• [Assignment] Look below for the line containing "GWM Wey 05 Gebrauchtwagen" and the line containing "Produktbild: Original HP", then set down both and every line between them exactly, without pictures.

• [Input records]
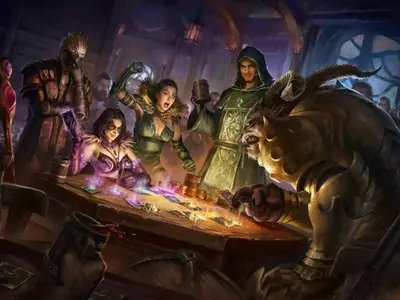 ArenaNet Unveils 'Mistbound,' a New Guild Wars Card Game Featuring Dynamic Tactical Combat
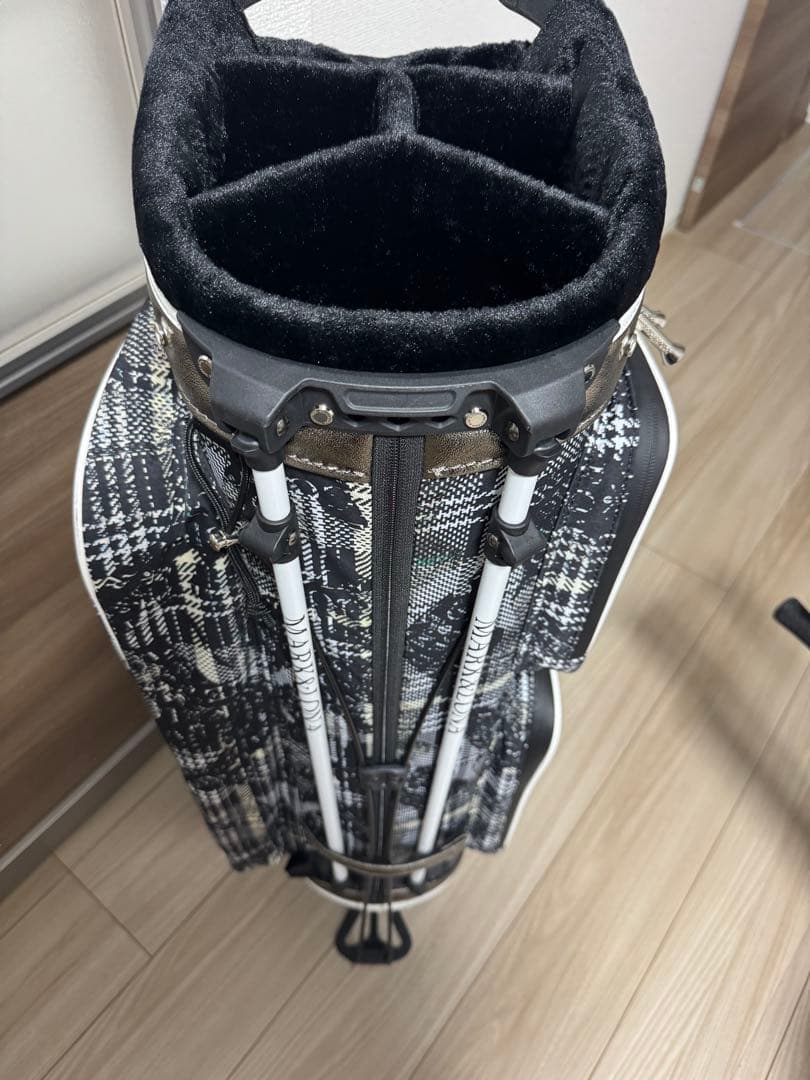 2024AW 木村拓哉さん着 VOL.3】MARK&LONA キャディバッグ - メルカリ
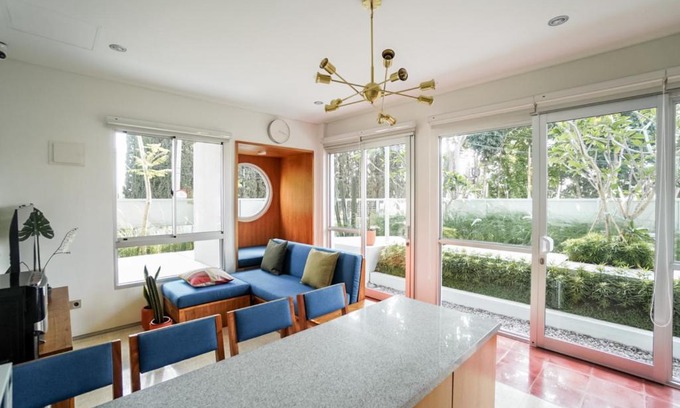 Parongpong Villa | Big Pet Friendly Family Villa, Coney Ville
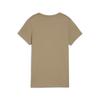 Puma ESS+ EMBROIDERY women's T-shirt beige 84833167 r XS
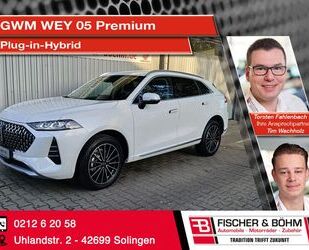 GWM Wey 05 Gebrauchtwagen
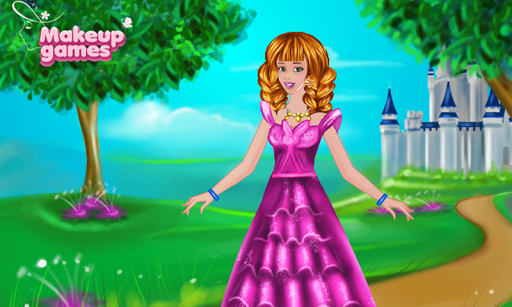 Princess Cinderella Makeover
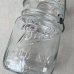 画像9: VINTAGE ANTIQUE BALL IDEAL JAR ヴィンテージ アンティーク ボール ジャー ガラス瓶 アメリカ / ワイヤー付き クリアー ディスプレイ ボトル 小物入れ 収納 店舗什器 (2)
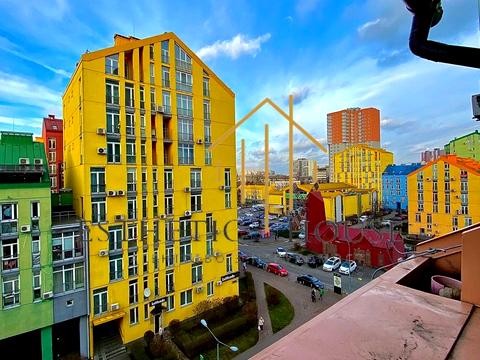квартира по адресу Регенераторная ул., 4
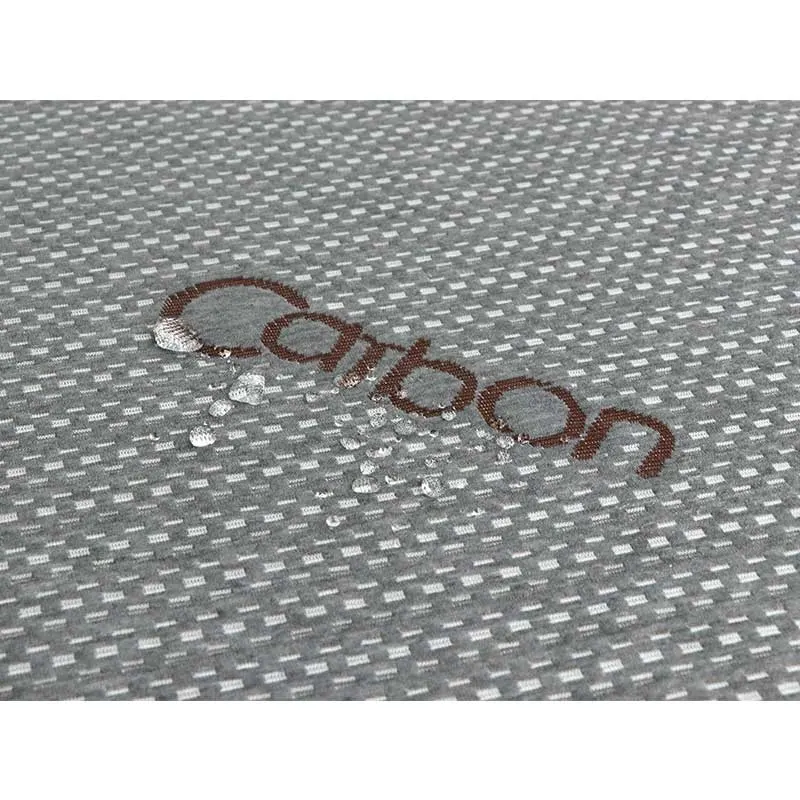 Наматрацник РУНО водонепроникний Carbon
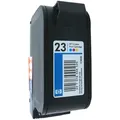Produktbild: Original HP Tinte Patrone 23 farbig für Deskjet 1120 1180 710 720 812 Blister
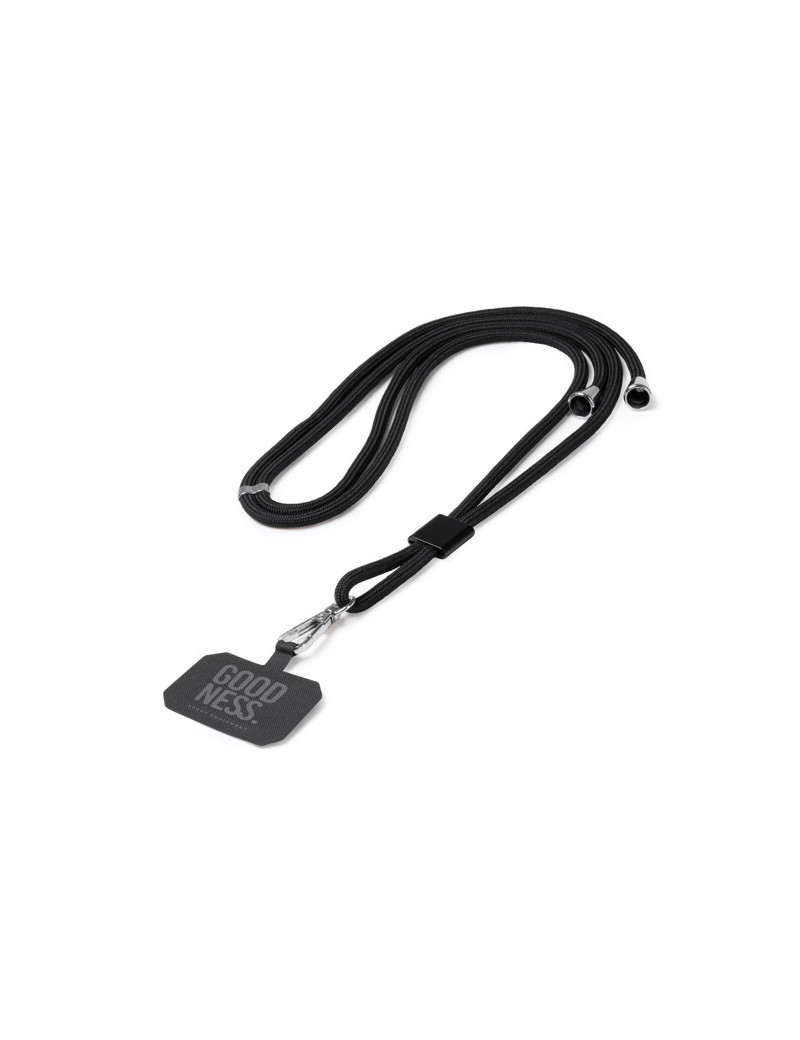 Lanyard portamóvil SUKI personalizado de Stamina imagen 7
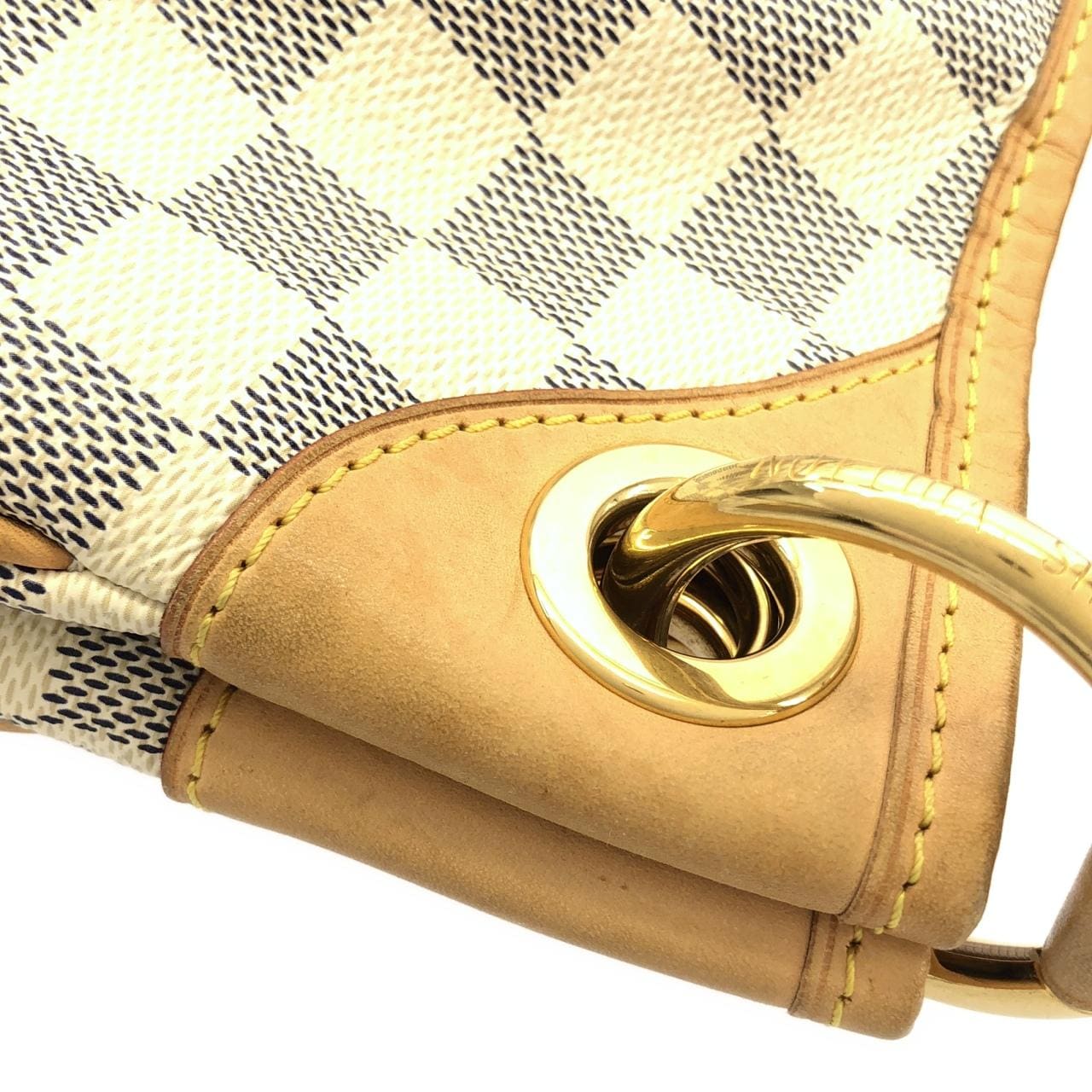 ルイヴィトン ダミエ アズール ガリエラ PM N55215 ショルダーバッグ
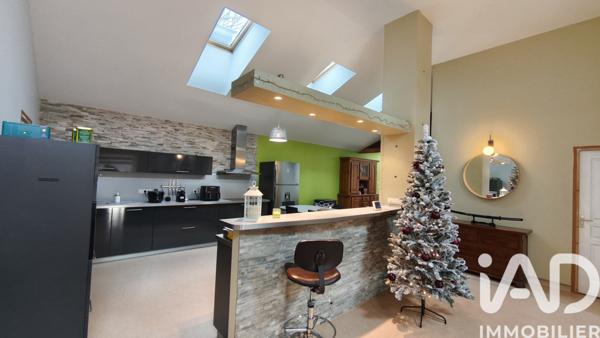 Maison à vendre 7 pièces 261 m² Le Monastier-sur-Gazeille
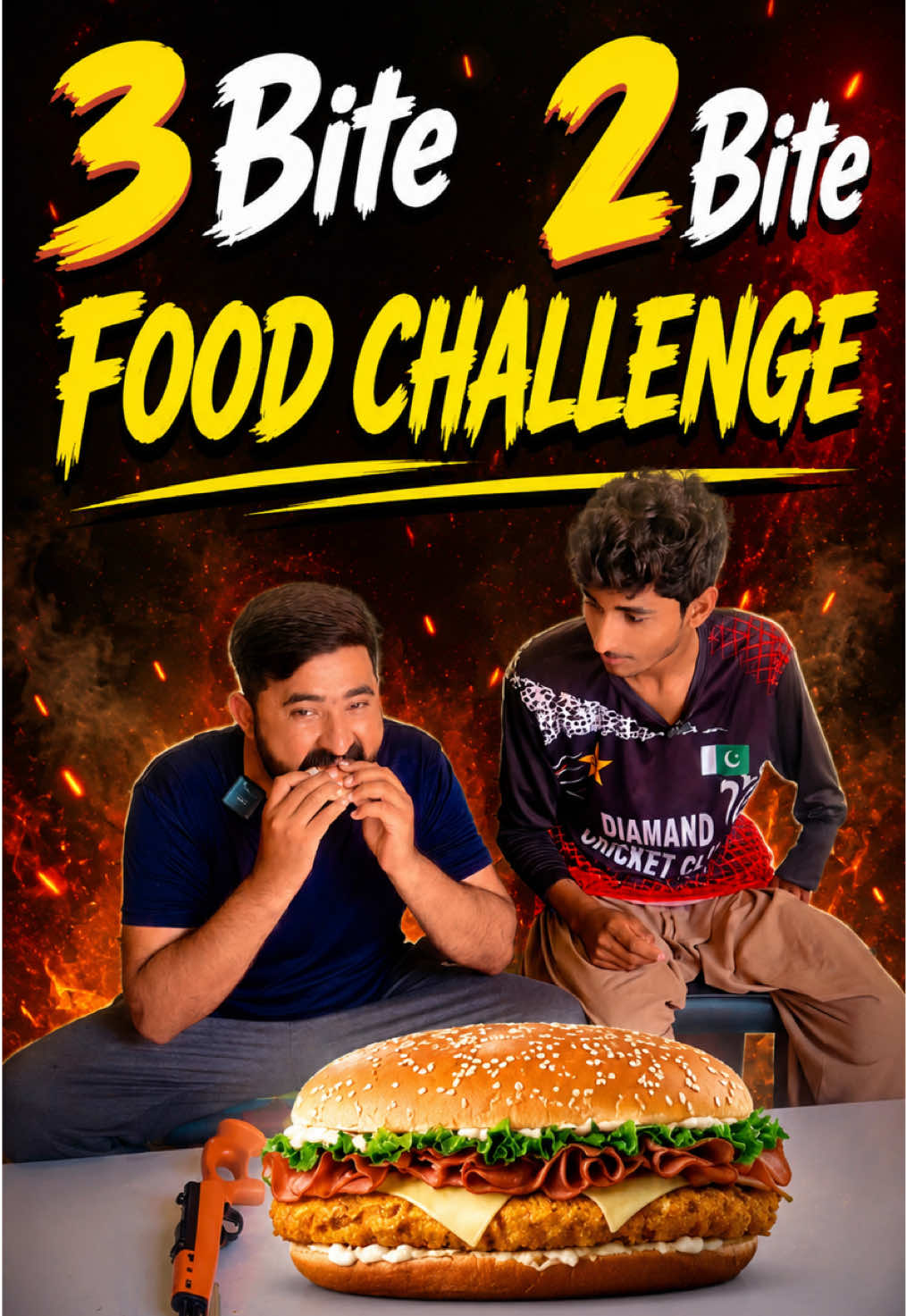 @Apna Bhai Challenge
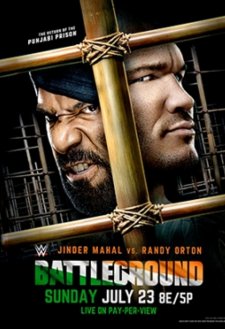 WWE: Battleground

• [Output]
 GWM Wey 05 Gebrauchtwagen
 Princess Cinderella Makeover
 画像9: VINTAGE ANTIQUE BALL IDEAL JAR ヴィンテージ アンティーク ボール ジャー ガラス瓶 アメリカ / ワイヤー付き クリアー ディスプレイ ボトル 小物入れ 収納 店舗什器 (2)
квартира по адресу Регенераторная ул., 4
 Наматрацник РУНО водонепроникний Carbon
Produktbild: Original HP Tinte Patrone 23 farbig für Deskjet 1120 1180 710 720 812 Blister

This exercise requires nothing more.